Among the many wild mammals living on Mount Desert Island is the well known and most misunderstood skunk. Their only defense against an enemy is to use their powerful scent glands. Skunks can’t run very fast, and they are not good fighters. Spraying the well known scent from glands near the tail is their only defense. When a skunk is not annoyed there is no smell at all. Dogs and cats annoying them will prompt them to spray.
Skunks spend their time foraging for food wherever they live, be it in a small town or out in the country. Always retreat if you meet one or let it pass by quietly. I came out of the town office building one night and almost tripped on one going to my car. It was about 10:30 p.m. and just the right time for them to be out looking for food. There are so many places for them to find food in Bar Harbor it probably seems like a great place to live for them. Just be a good neighbor, speak softly, keep your dog under control and move slowly.
If skunks should take up residence under your house or garage try to learn to live with them as peaceful neighbors and you’ll have no problem. If it seems to be an impossible situation, get one of the local animal control people here on MDI to find them a new home in a safe place.
They are native mammals and we all should treat them respectfully. It’s their island too. Talk softly, move slowly, and keep your dog quiet. Be a good neighbor.
Skunks play a bit role in one of many chains of life in the natural world. Strangely enough, skunks greatly affect the duck population here on MDI.
It works this way: each year female snapping turtles lay 50 eggs at a time in the spring. The adult females deposit the eggs in holes they have dug, then cover them up with sand or dirt, moisten them and leaves. Their motherhood duties are then done.
If all the snapping turtle nests on this island produced healthy snapping turtles each year and they moved into island ponds we would have too many snapping turtles. Once a snapping turtle is big it can’t be killed by many creatures, except men and cars. The snapping turtles, like reptile submarines, would eat the baby ducks as the small birds swam around the lakes and ponds. They would not have a chance for survival. Small birds along the shore and ducks would also be eaten.
Skunks control the population of snapping turtles on this island by digging up the eggs for a tasty treat. Foxes and raccoons also eat some of the eggs but skunks are the main predators doing so and they deserve lots of credit for doing this and keeping nature in balance.
Ring-billed gulls always make me laugh. They are so comfortable and right at home with humans and their cars moving by them. They seem right at home in the mall parking lots in Ellsworth and also at the Thompson Island Picnic area and down by the Waterfront in Ellsworth.
These gulls are quite beautiful in a quiet way. They are a little larger than a crow but they act like herring gulls and have a dark ring around their bills rather than a red spot. Since they tend to be very tame, if you see one you will most likely be able to get very close to it and get a good look at its yellow feet.

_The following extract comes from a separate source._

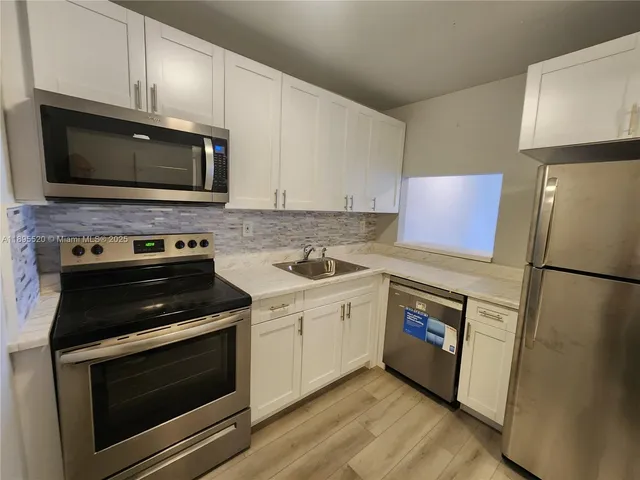 a kitchen with a stove and a microwave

Ring-billed gulls are great insect eaters with a particular love for grasshoppers stirred up in a plowed field. In flight, they can seize a grasshopper as easily as a swallow in hot pursuit of smaller insects. If one of these gulls sees something edible in the water it floats down slowly or plunges downward and grabs the food without wetting its plumage.

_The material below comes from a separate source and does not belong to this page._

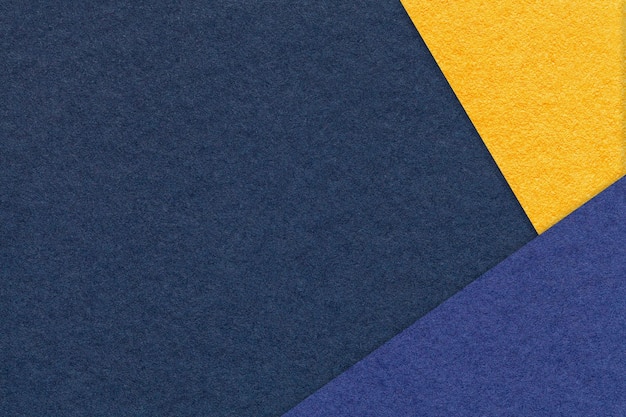 Texture of craft navy blue color paper background with denim and yellow border Vintage abstract cardboard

These birds are very gregarious and usually seen in large flocks of its own or with other species. Thompson Island is a great place to watch them. These gulls nest fifteen miles east of MDI on Petit Manan Island, a part of the National Wildlife Refuge on the eastern Maine coast. They do not nest on MDI or in the park.
While writing my latest book “Living on the Edge,” and giving talks at local libraries about it I was happy to find a sea urchin on the beach one day. Sea urchins are strange little creatures much sought after by our resident eider ducks for food. And the ducks swallow them whole! This is no small feat to accomplish for the urchin is very prickly, like a pin cushion!
Once down the throat of the eider the bird’s gizzard grinds it up for consumption. The sea urchin provides good food for some birds, some mammals and some people.
The sea urchin’s eating technique is quite a procedure. These creatures have a mouth structure that has been nicknamed Aristotle’s lantern. At the center of this “lantern” are five teeth that come together like a bird’s beak. With these strong teeth the urchin scrapes algae off the rocks. As the teeth wear down, they continue to grow.
High surf, wind and rain bring sea birds close to the shore. Lend them a helping hand, for some have trouble walking on land and some are unable to take off from land. Give them a chance to survive by putting them back in the water.